**TASK STATEMENT:** Show all lines of the listing that contain the word "Image".

**INFORMATION PROVIDED:**
#####

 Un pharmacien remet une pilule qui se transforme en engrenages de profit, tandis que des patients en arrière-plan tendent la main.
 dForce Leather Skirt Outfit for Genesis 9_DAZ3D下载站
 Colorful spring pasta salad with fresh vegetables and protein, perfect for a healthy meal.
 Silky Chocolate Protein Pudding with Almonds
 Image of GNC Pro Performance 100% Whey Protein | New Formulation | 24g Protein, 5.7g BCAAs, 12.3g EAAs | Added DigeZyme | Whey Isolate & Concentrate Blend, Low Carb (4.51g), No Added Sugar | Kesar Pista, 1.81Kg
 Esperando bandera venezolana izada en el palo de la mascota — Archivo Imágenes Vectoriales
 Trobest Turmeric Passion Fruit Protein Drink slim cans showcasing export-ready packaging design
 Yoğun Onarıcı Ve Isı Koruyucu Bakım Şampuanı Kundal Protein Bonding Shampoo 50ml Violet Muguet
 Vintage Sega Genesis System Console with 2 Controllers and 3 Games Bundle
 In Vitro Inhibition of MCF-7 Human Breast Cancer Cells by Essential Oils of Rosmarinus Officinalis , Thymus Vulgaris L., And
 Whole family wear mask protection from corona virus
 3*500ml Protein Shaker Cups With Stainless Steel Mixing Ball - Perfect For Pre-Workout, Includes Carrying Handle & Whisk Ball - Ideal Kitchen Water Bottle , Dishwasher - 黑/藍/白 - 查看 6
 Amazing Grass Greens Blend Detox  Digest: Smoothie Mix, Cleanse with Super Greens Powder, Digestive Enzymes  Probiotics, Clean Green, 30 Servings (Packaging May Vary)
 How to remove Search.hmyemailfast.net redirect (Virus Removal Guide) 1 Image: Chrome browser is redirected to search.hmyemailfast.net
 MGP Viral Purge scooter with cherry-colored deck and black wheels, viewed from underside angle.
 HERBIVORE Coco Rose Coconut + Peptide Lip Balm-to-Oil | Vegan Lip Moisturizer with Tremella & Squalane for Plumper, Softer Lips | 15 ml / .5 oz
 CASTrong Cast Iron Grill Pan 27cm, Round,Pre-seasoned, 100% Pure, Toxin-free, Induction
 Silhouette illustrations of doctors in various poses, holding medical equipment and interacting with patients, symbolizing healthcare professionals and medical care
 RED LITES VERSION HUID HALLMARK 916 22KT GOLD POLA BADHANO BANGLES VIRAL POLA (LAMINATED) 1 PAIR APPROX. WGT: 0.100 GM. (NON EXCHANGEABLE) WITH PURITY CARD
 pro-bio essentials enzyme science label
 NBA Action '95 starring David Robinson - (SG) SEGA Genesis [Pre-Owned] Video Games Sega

#####

**EXERCISE RESPONSE:**
 Image of GNC Pro Performance 100% Whey Protein | New Formulation | 24g Protein, 5.7g BCAAs, 12.3g EAAs | Added DigeZyme | Whey Isolate & Concentrate Blend, Low Carb (4.51g), No Added Sugar | Kesar Pista, 1.81Kg
 How to remove Search.hmyemailfast.net redirect (Virus Removal Guide) 1 Image: Chrome browser is redirected to search.hmyemailfast.net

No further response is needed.